[RECORDS SUPPLIED]
=== Begin Enclosure ===

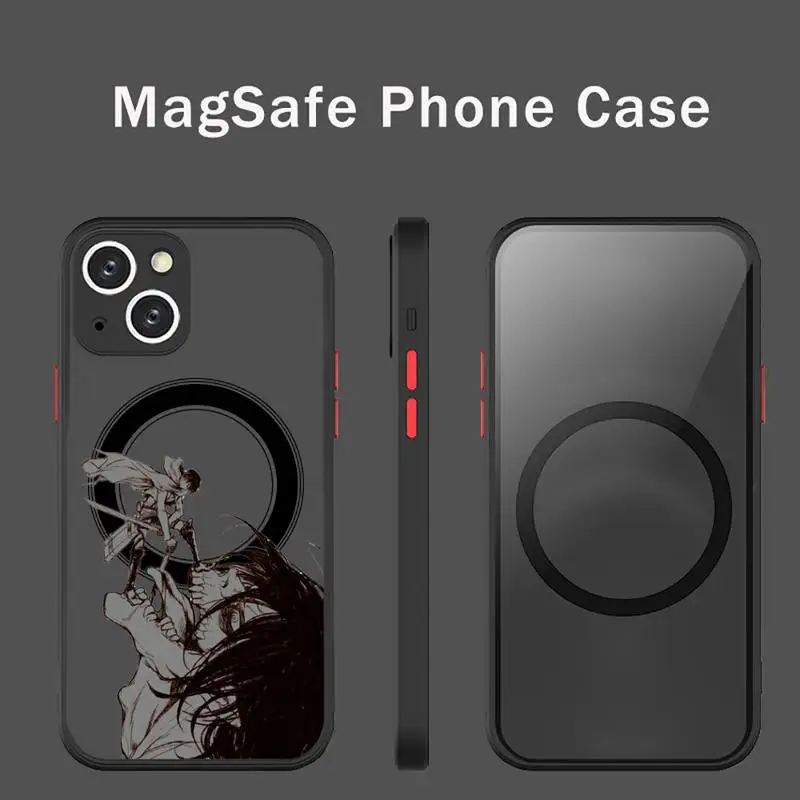 Attack On Titan Anime Cartoon Phone Case For iPhone 13 12 11 Mini Pro Max Matte transparent Super Magnetic MagSafe Cover
Attack On Titan Anime Cartoon Phone Case For iPhone 13 12 11 Mini Pro Max Matte transparent Super Magnetic MagSafe Cover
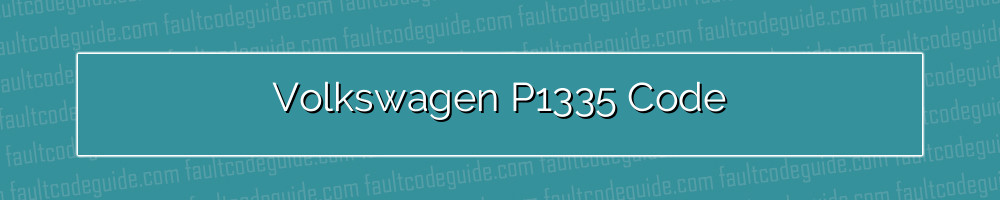 volkswagen p1335 code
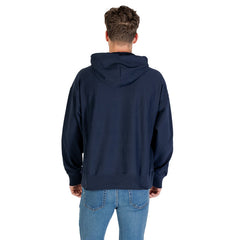 Image 3 : Sweat Calvin Klein Jeans homme bleu capuche vue de dos avec logo — Delvale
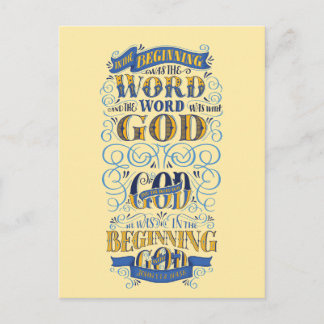 Postal Al principio fue la palabra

=== End Enclosure ===

[TASK BRIEF] Please provide a faithful transcription of all the data, pictures excluded.

[SOLUTION]
 Attack On Titan Anime Cartoon Phone Case For iPhone 13 12 11 Mini Pro Max Matte transparent Super Magnetic MagSafe Cover
Attack On Titan Anime Cartoon Phone Case For iPhone 13 12 11 Mini Pro Max Matte transparent Super Magnetic MagSafe Cover
 volkswagen p1335 code
 Image 3 : Sweat Calvin Klein Jeans homme bleu capuche vue de dos avec logo — Delvale
 Postal Al principio fue la palabra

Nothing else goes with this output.